Em mais um tópico da coluna ‘Drops de Genômica’, o oncologista André Murad (foto) aborda a doença de Von Hippel-Lindau (VHL), a função do gene VHL e sua importância no carcinoma renal de células claras. Confira.
Por André Murad*
A doença de Von Hippel-Lindau (VHL) é uma síndrome de câncer autossômica dominante hereditária rara, caracterizada pelo desenvolvimento de múltiplos tumores vasculares. Mais frequentemente, estes incluem hemangioblastomas retinais e do Sistema Nervoso Central (SNC), carcinoma renal de células claras (CRCC), feocromocitomas, tumores de ilhotas pancreáticas, tumores endolinfáticos e, adicionalmente, cistoadenomas renais pancreáticos e cistoadenomas epididimários em homens.

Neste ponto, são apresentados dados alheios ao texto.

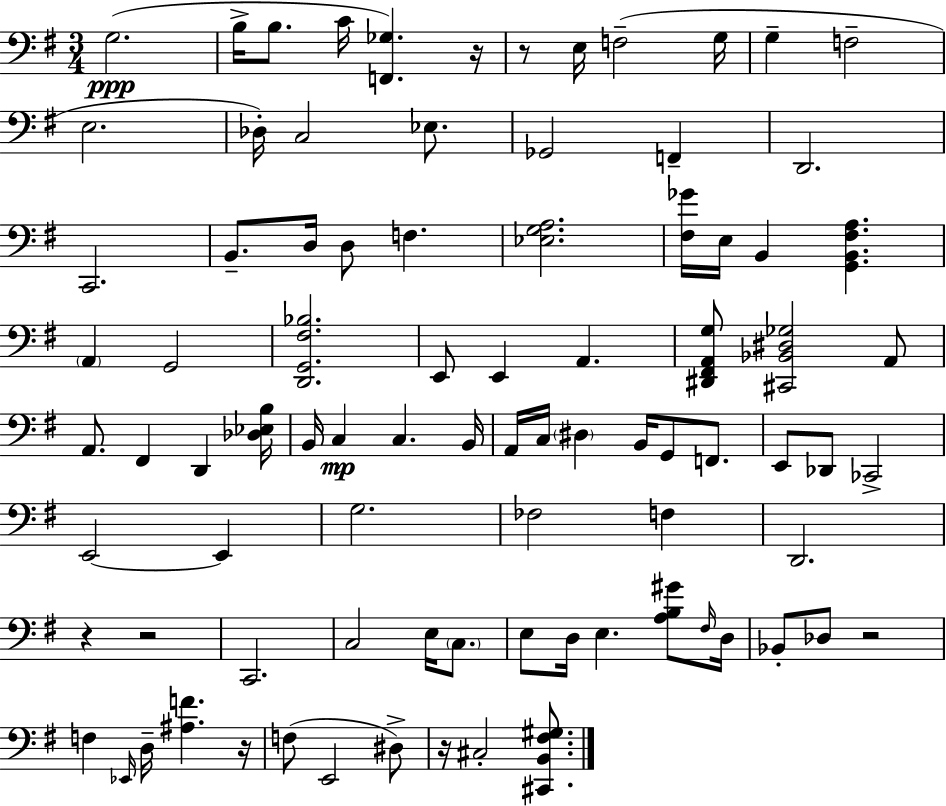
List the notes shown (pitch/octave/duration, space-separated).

G3/h. B3/s B3/e. C4/s [F2,Gb3]/q. R/s R/e E3/s F3/h G3/s G3/q F3/h E3/h. Db3/s C3/h Eb3/e. Gb2/h F2/q D2/h. C2/h. B2/e. D3/s D3/e F3/q. [Eb3,G3,A3]/h. [F#3,Gb4]/s E3/s B2/q [G2,B2,F#3,A3]/q. A2/q G2/h [D2,G2,F#3,Bb3]/h. E2/e E2/q A2/q. [D#2,F#2,A2,G3]/e [C#2,Bb2,D#3,Gb3]/h A2/e A2/e. F#2/q D2/q [Db3,Eb3,B3]/s B2/s C3/q C3/q. B2/s A2/s C3/s D#3/q B2/s G2/e F2/e. E2/e Db2/e CES2/h E2/h E2/q G3/h. FES3/h F3/q D2/h. R/q R/h C2/h. C3/h E3/s C3/e. E3/e D3/s E3/q. [A3,B3,G#4]/e F#3/s D3/s Bb2/e Db3/e R/h F3/q Eb2/s D3/s [A#3,F4]/q. R/s F3/e E2/h D#3/e R/s C#3/h [C#2,B2,F#3,G#3]/e.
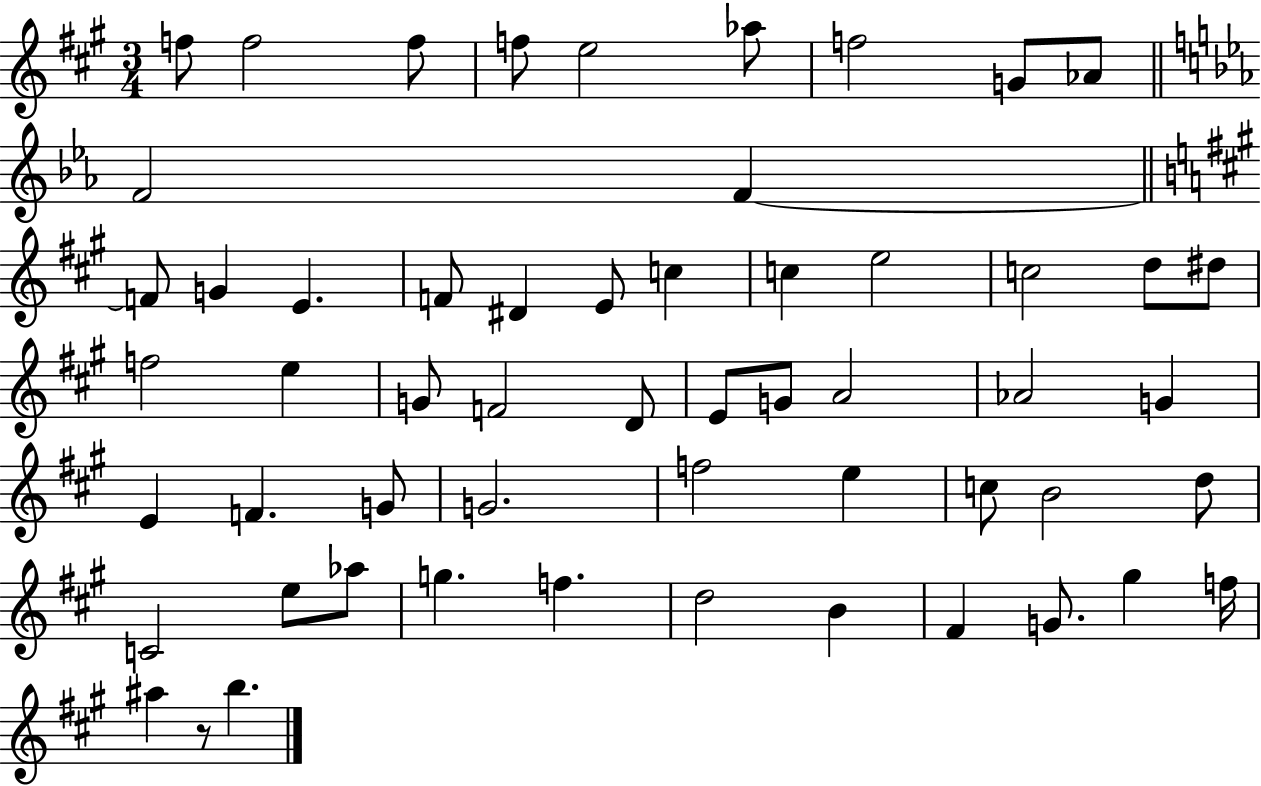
{
  \clef treble
  \numericTimeSignature
  \time 3/4
  \key a \major
  f''8 f''2 f''8 | f''8 e''2 aes''8 | f''2 g'8 aes'8 | \bar "||" \break \key c \minor f'2 f'4~~ | \bar "||" \break \key a \major f'8 g'4 e'4. | f'8 dis'4 e'8 c''4 | c''4 e''2 | c''2 d''8 dis''8 | \break f''2 e''4 | g'8 f'2 d'8 | e'8 g'8 a'2 | aes'2 g'4 | \break e'4 f'4. g'8 | g'2. | f''2 e''4 | c''8 b'2 d''8 | \break c'2 e''8 aes''8 | g''4. f''4. | d''2 b'4 | fis'4 g'8. gis''4 f''16 | \break ais''4 r8 b''4. | \bar "|."
}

A doença ocorre por uma mutação germinativa no gene VHL e está presente em aproximadamente 1 a cada 36 mil indivíduos. As manifestações iniciais podem ocorrer na infância, adolescência ou idade adulta, com idade média de apresentação inicial de cerca de 26 anos.
Em uma grande série, a idade média de início do CRCC foi de 44 anos; estimou-se que 69% dos pacientes que sobreviveram aos 60 anos o desenvolveriam. Os CRCC são frequentemente multicêntricos e bilaterais, e podem surgir em conjunto com cistos ou a partir de parênquima não cístico.
Qual é a função do gene VHL e sua importância no RCC?
A doença VHL é autossômica dominante e está associada a mutação de um ou ambos os alelos do gene VHL localizado no braço curto do cromossomo 3(3p25-26). Até o momento, foram identificadas mais de 150 mutações responsáveis pelo desenvolvimento da síndrome VHL.
A síndrome é causada pela inativação da proteína VHL, produto do gene VHL. A proteína VHL é uma proteína supressora de tumor que desempenha uma série de funções celulares importantes, incluindo proteínas de direcionamento para a degradação do proteassoma, e regulando a matriz extracelular. Por meio de seu domínio beta, a proteína VHL se liga diretamente ao fator indutível por hipóxia (HIF).
As mutações no gene VHL podem resultar na falha da proteína VHL em formar o complexo proteico necessário para se ligar a HIF1α e HIF2α ou na falha do sítio de ligação no complexo em reconhecer as proteínas HIFα. Níveis elevados de HIF1α e HIF2α podem, então, induzir a produção anormal de fatores de crescimento, como fator de crescimento endotelial vascular (VEGF), fator de crescimento derivado de plaquetas (PDGF) e fator de crescimento transformador (TGF) -α. Isso resulta em crescimento celular descontrolado e proliferação de vasos sanguíneos.
Terapia alvo para CRCC em pacientes com VHL
Em vista de seu papel central na patogênese do CRCC e outras doenças malignas, há interesse clínico em interromper a via do HIF, tanto distalmente (por inibição das vias efetoras) ou proximalmente (por inibidores diretos do HIF), como o belzutifano, um novo e potente inibidor seletivo do fator 2 alfa induzível por hipóxia (HIF-2α).
Sabe-se que proteínas com fatores indutíveis por hipóxia se acumulam em pacientes com VHL e, se não forem devidamente reguladas, podem estimular oncogene associados a mecanismos de malignidade. O FDA norte-americano recentemente concedeu revisão prioritária para o tratamento de pacientes com CRCC associado a VHL que não exijam uma cirurgia imediata.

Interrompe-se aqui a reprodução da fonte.